## [THE DATA]
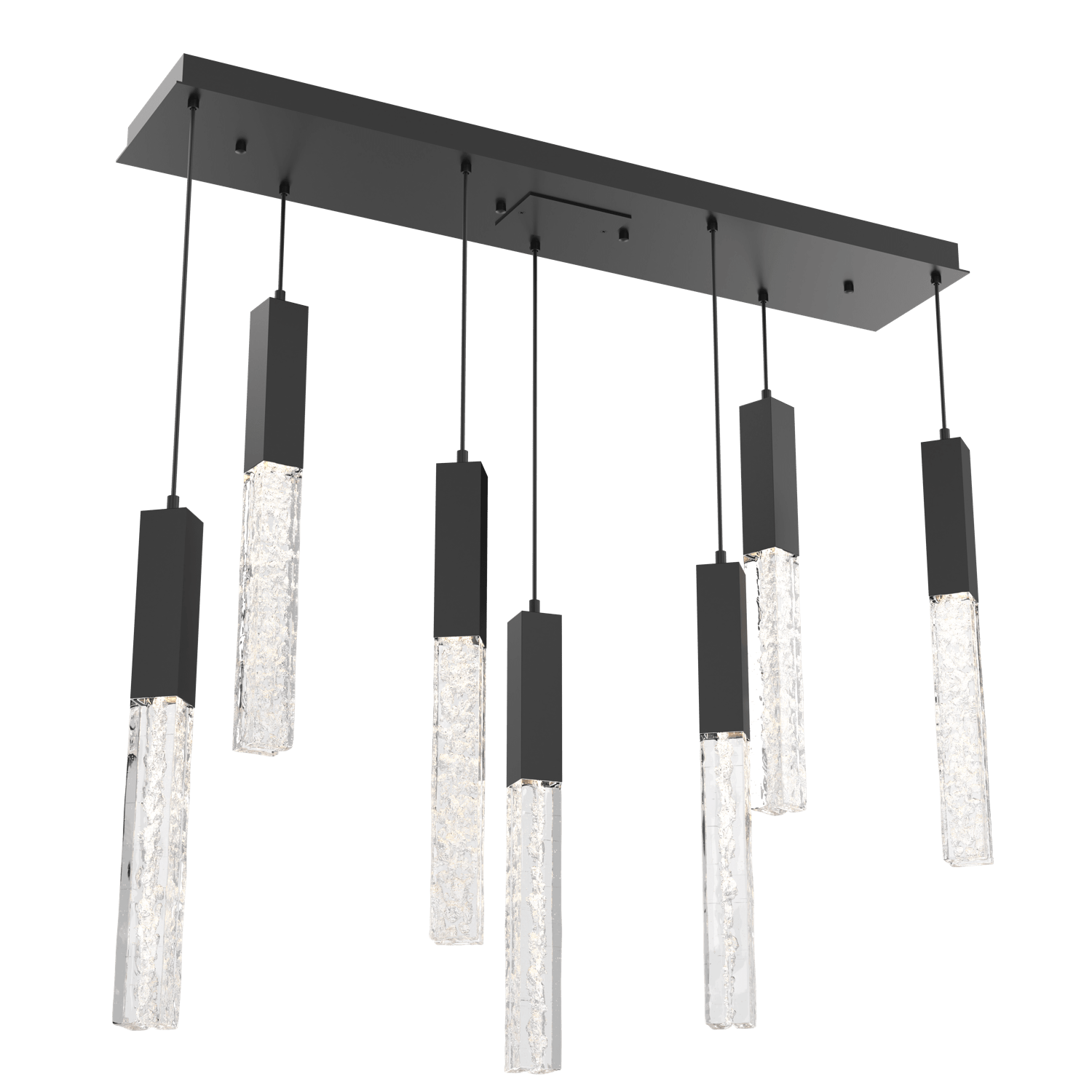 PLB0060-07-MB-GC-Hammerton-Studio-Axis-7-Light-Linear-Pendant-Chandelier-with-Matte-Black-finish-and-clear-cast-glass-and-LED-lamping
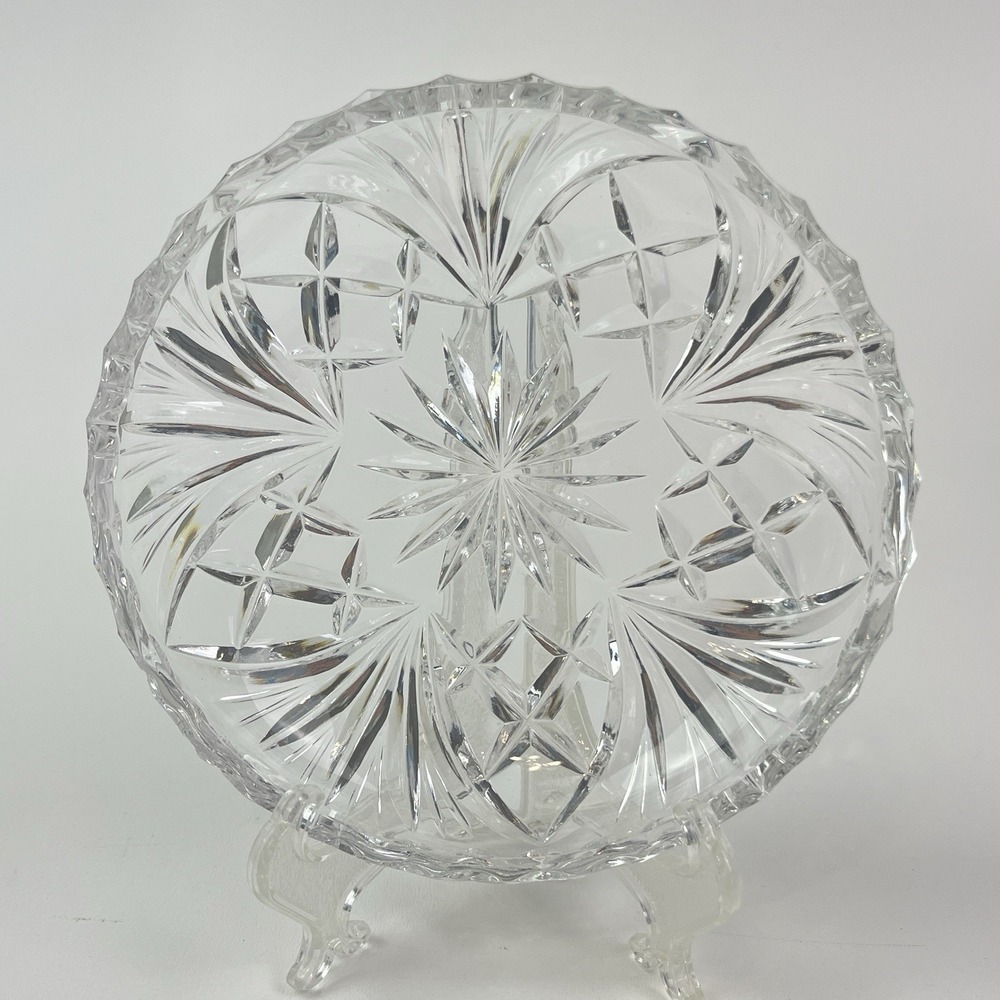 Vintage Cut Glass‎ Lead Crystal Plate Ashtray Candy Dish 5.5"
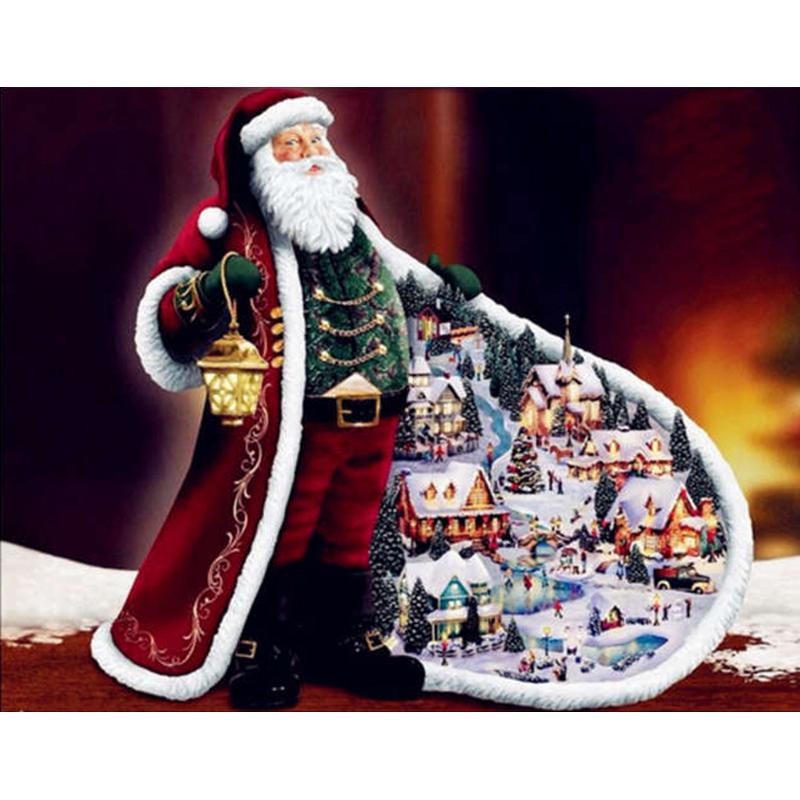 DIY 5D Diamond Painting Santa Claus Diamond Embroidery Winter Snow Tree Cross Stitch Full Round Drill Mosaic Christmas Gift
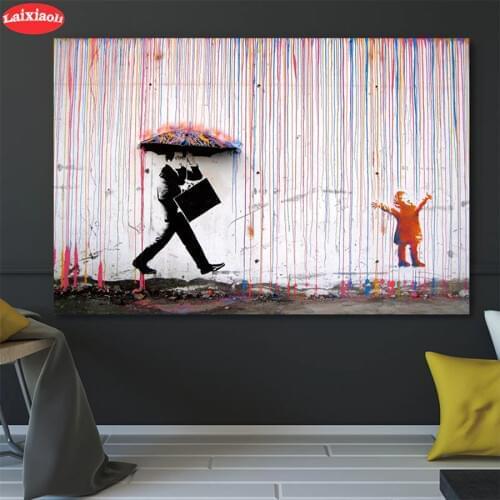 Diy Diamond Painting Banksy Walking In The Rain Street Graffiti diamond mosaic full square drill diamond embroidery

## [WHAT THE EXERCISE ASKS]
The whole listing, pictures excluded, should be output exactly.

## [WRITTEN RESPONSE]
 PLB0060-07-MB-GC-Hammerton-Studio-Axis-7-Light-Linear-Pendant-Chandelier-with-Matte-Black-finish-and-clear-cast-glass-and-LED-lamping
 Vintage Cut Glass‎ Lead Crystal Plate Ashtray Candy Dish 5.5"
 DIY 5D Diamond Painting Santa Claus Diamond Embroidery Winter Snow Tree Cross Stitch Full Round Drill Mosaic Christmas Gift
 Diy Diamond Painting Banksy Walking In The Rain Street Graffiti diamond mosaic full square drill diamond embroidery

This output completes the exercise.